Havia, portanto, grande insegurança jurídica, pois somente aqueles que buscavam o judiciário estavam livres do recolhimento do ICMS nas situações de transferência de mercadorias entre os estabelecimentos de mesma titularidade.

De certo modo, os princípios da isonomia e da livre concorrência eram violados. O texto constitucional, em regra, não permite o tratamento desigual entre contribuintes que se encontrem em situação equivalente, não havendo espaço, pelo desenho constitucional, para a criação de um cenário em que há vantagem desproporcional a concorrentes em situação equivalente.

Era, pois, justamente o que ocorria. Os contribuintes que não tinham decisão judicial favorável estavam obrigados ao recolhimento do ICMS na transferência de mercadorias entre seus estabelecimentos, o que era causa de nítida desvantagem econômica com aqueles que buscavam o Poder Judiciário.

A controvérsia existente entre o Judiciário e o Legislativo ensejou o ajuizamento da Ação Declaratória de Constitucionalidade (ADC n° 49), pelo estado do Rio Grande do Norte. A ADC, em resumo, buscava o pronunciamento do STF quanto à incidência do ICMS sobre o deslocamento de mercadorias entre estabelecimentos do mesmo titular localizados em estados federados distintos.

Em 2021, no julgamento da ADC nº 49, o STF, por unanimidade, declarou inconstitucional o trecho da Lei Kandir que possibilitava aos fiscos estaduais exigirem o recolhimento do ICMS nas transferências entre estabelecimentos da mesma empresa.

A decisão, dotada de eficácia geral e vinculante, parecia que tinha encerrado a discussão. Contudo, em 19 de abril de 2023, o STF, com a pretensão de proteger a segurança jurídica e o interesse social, modulou os efeitos da decisão proferida no julgamento da ADC nº 49, determinando que apenas a partir de 1º de janeiro de 2024 não haveria incidência do ICMS nas transferências de mercadorias entre matriz e filial. Com isso, somente aqueles que tinham decisão favorável continuavam desobrigados ao recolhimento do ICMS incidente nas referidas operações. Para os demais, o ICMS apenas não incidiria a partir de 1/1/2024.

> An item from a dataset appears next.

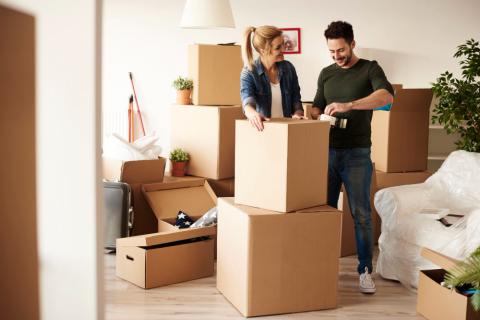 Jaipur-Golden-Unique-Cargo-Home-relocation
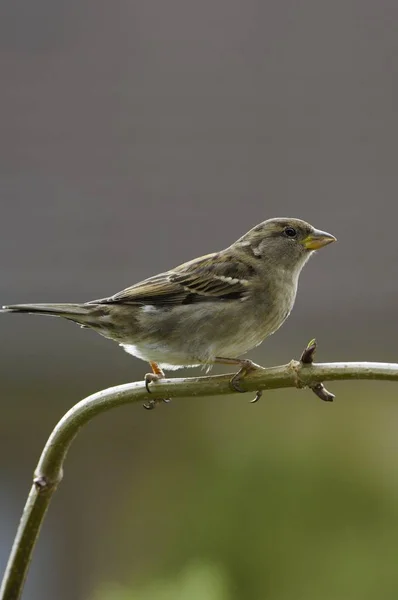 Vrouwelijke Huismus Tak — Stockfoto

Com a finalidade de uniformizar o entendimento do Supremo Tribunal Federal, na ADC n° 49, o Congresso Nacional aprovou a Lei Complementar n° 204/2023, afastando de forma inequívoca a possibilidade de incidência do ICMS na transferência de mercadorias entre matriz e filial. Assim como a decisão proferida pelo STF em sede de modulação de efeitos, a Lei Complementar n° 204/2023 começou a gerar efeitos a partir de 1/1/2024.

A alteração é importante, pois corrige uma antinomia constante no texto da Lei Kandir, garante a isonomia entre os contribuintes do ICMS e assegura a segurança jurídica de que não serão tributados pelo ICMS quando realizam o deslocamento de mercadorias entre estabelecimentos do mesmo titular localizados em estados federados distintos.